2. **api** enqueues jobs in **redis** and persists state in **postgres**.
3. **worker** consumes jobs from **redis**, processes mailboxes, and writes results to **postgres**.
4. **web** streams job events from **api** (SSE) for live progress.
Export settings:
- `EXPORT_DIR` (default `/tmp/mailcleaner-exports`)
- `EXPORT_TTL_HOURS` (default `24`)
Cleanup settings:
- `CLEANUP_SCAN_LIMIT` (default `0` = no limit). Set to a number to cap how many recent emails are scanned per run.

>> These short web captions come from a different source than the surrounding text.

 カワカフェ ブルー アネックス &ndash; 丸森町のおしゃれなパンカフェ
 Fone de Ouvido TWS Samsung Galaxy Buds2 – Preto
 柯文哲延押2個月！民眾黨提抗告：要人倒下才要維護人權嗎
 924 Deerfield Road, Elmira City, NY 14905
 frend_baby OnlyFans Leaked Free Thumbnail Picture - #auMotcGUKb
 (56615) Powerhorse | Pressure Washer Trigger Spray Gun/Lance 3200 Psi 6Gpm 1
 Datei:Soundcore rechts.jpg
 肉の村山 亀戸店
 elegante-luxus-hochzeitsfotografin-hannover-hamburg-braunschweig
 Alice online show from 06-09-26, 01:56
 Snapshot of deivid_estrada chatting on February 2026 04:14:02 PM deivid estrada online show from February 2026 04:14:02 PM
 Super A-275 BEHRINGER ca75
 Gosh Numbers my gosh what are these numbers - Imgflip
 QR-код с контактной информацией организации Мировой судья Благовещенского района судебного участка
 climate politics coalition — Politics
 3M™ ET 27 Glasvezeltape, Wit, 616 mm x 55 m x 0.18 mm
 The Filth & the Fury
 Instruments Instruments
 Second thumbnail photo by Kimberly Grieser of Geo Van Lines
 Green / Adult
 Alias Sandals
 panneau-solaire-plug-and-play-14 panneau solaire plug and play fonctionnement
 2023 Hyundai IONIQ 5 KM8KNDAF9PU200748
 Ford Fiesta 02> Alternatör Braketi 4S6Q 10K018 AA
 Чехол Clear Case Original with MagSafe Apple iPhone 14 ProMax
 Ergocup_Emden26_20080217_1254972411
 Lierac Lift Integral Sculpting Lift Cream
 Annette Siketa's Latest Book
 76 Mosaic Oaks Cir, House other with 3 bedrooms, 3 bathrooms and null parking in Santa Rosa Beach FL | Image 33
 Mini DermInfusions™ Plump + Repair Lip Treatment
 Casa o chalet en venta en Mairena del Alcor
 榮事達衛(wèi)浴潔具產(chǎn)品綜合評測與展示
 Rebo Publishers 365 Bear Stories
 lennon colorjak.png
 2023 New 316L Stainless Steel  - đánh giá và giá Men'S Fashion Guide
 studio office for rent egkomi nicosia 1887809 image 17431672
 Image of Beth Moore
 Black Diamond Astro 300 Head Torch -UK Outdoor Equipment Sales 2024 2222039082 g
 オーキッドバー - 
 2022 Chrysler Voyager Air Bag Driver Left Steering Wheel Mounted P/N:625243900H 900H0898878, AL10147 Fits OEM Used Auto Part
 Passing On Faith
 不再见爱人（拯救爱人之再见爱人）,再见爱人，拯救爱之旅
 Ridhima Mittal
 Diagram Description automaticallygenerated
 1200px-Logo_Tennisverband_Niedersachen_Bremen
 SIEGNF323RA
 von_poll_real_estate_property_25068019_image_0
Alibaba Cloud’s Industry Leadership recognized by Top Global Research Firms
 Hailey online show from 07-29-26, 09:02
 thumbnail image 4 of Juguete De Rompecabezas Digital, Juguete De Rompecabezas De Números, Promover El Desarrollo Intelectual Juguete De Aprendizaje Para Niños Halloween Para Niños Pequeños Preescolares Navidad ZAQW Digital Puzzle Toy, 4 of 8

Proxy settings (Nginx Proxy Manager):
- `TRUST_PROXY=true`
- `VITE_API_URL=https://your-domain.tld`
- `GOOGLE_REDIRECT_URI=https://your-domain.tld/oauth/gmail/callback`
- `CORS_ORIGINS=https://your-domain.tld`
Local ports (override via `.env` in repo root):
- `BIND_IP` (default `127.0.0.1`)
- `API_PORT` (default `8000`, now set to `8201` in `.env`)
- `WEB_PORT` (default `3000`, now set to `3201` in `.env`)
## Reverse proxy notes (Nginx)
- Terminate TLS at nginx.
- Only expose nginx (80/443) publicly.
- Keep API/Web bound to `127.0.0.1` (or internal Docker network).
- Set `TRUST_PROXY=true` so the app honors `X-Forwarded-*` headers.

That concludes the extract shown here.